To do =>
Give the entries again exactly, without pictures.

*****

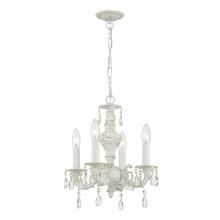 Crystorama 5024-AW-CL-SAQ - Paris Market 4 Light Spectra Crystal Antique White Mini Chandelier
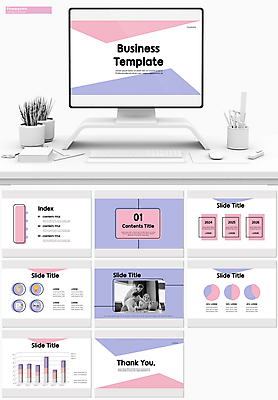 서양인 템플릿 여자 남자 분홍색 비즈니스 회의 그래프 들기 앉기 상반신 20대 성인 세명 노트북 세트 펜 보라색 가리킴 PPT 프레젠테이션 문서템플릿 성인만 애니형PPT 9P 이미지템플릿 외국인 컬러 모션 사람 손짓 청년 전자제품 필기구 파일형식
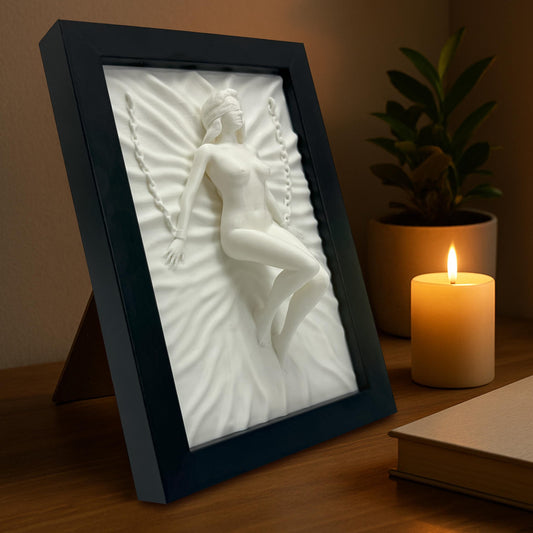 3D-gedruckt Wand Skulptur in Schwarz Rahmen Modern Minimalistisch Wohnaccessoire Kunst - Plexiwire 3D Drucke
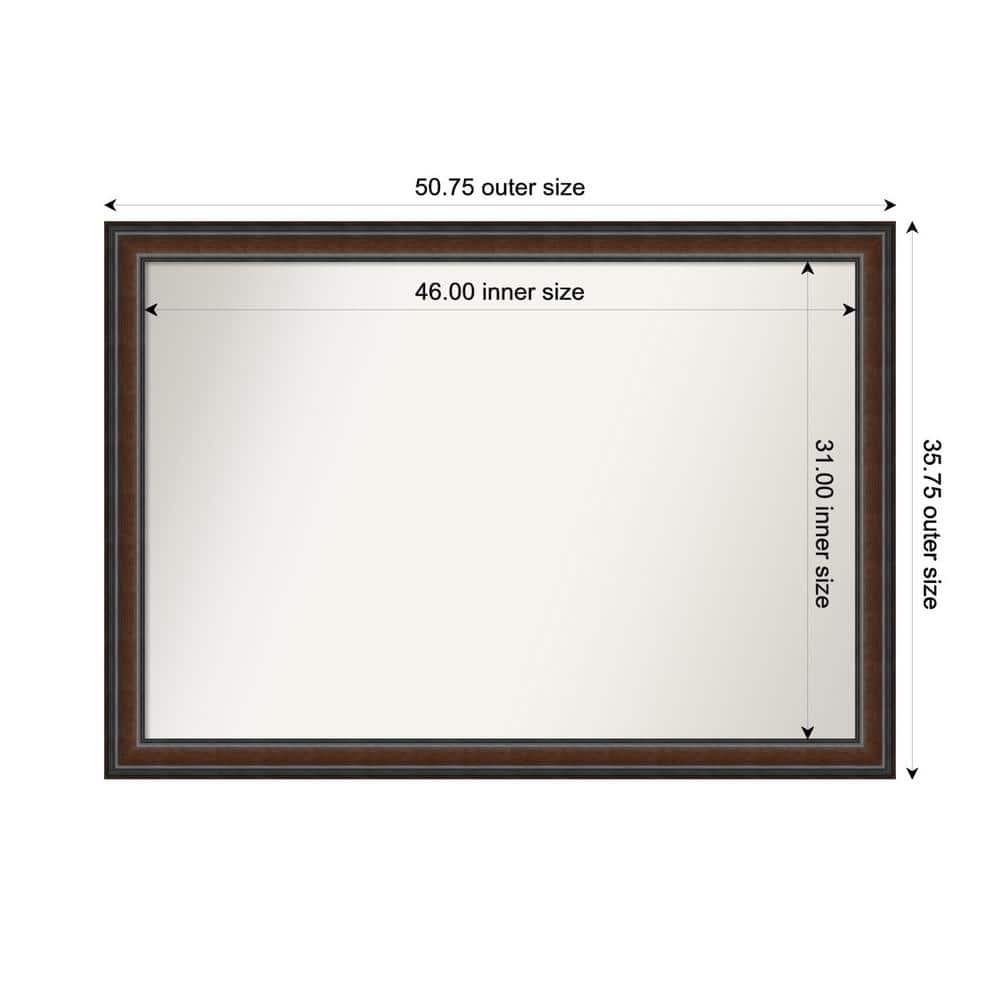 Cyprus Walnut 50.75 in. x 35.75 in. Custom Non-Beveled Wood Framed Bathroom Vantiy Wall Mirror price history on PriceWatchPro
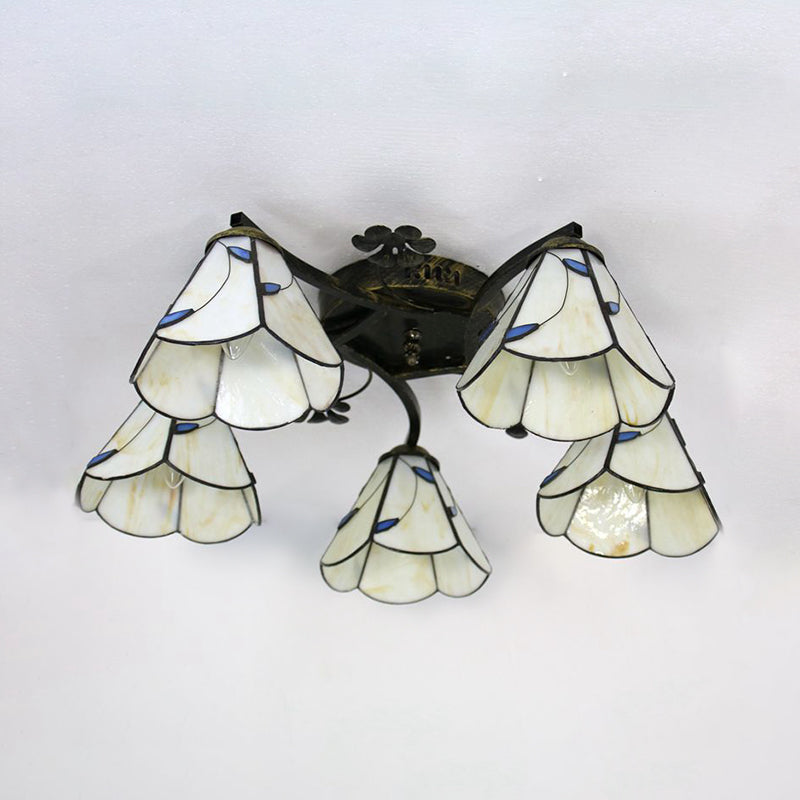 Clear/Blue/Beige Lodge Semi Flush Light with Cone Shade Stained Glass 5 Lights Semi Flushmount for Stairway Clearhalo 'Ceiling Lights' 'Chandeliers' 'Close To Ceiling Lights' 'Close to ceiling' 'Glass shade' 'Glass' 'Semi-flushmount' 'Tiffany close to ceiling' 'Tiffany' Lighting' 181159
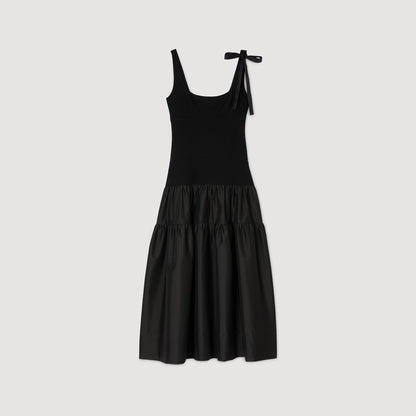 Sandro Maxi dual-material dress Black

*****

Result of the exercise =>
 Crystorama 5024-AW-CL-SAQ - Paris Market 4 Light Spectra Crystal Antique White Mini Chandelier
 서양인 템플릿 여자 남자 분홍색 비즈니스 회의 그래프 들기 앉기 상반신 20대 성인 세명 노트북 세트 펜 보라색 가리킴 PPT 프레젠테이션 문서템플릿 성인만 애니형PPT 9P 이미지템플릿 외국인 컬러 모션 사람 손짓 청년 전자제품 필기구 파일형식
 3D-gedruckt Wand Skulptur in Schwarz Rahmen Modern Minimalistisch Wohnaccessoire Kunst - Plexiwire 3D Drucke
 Cyprus Walnut 50.75 in. x 35.75 in. Custom Non-Beveled Wood Framed Bathroom Vantiy Wall Mirror price history on PriceWatchPro
 Clear/Blue/Beige Lodge Semi Flush Light with Cone Shade Stained Glass 5 Lights Semi Flushmount for Stairway Clearhalo 'Ceiling Lights' 'Chandeliers' 'Close To Ceiling Lights' 'Close to ceiling' 'Glass shade' 'Glass' 'Semi-flushmount' 'Tiffany close to ceiling' 'Tiffany' Lighting' 181159
 Sandro Maxi dual-material dress Black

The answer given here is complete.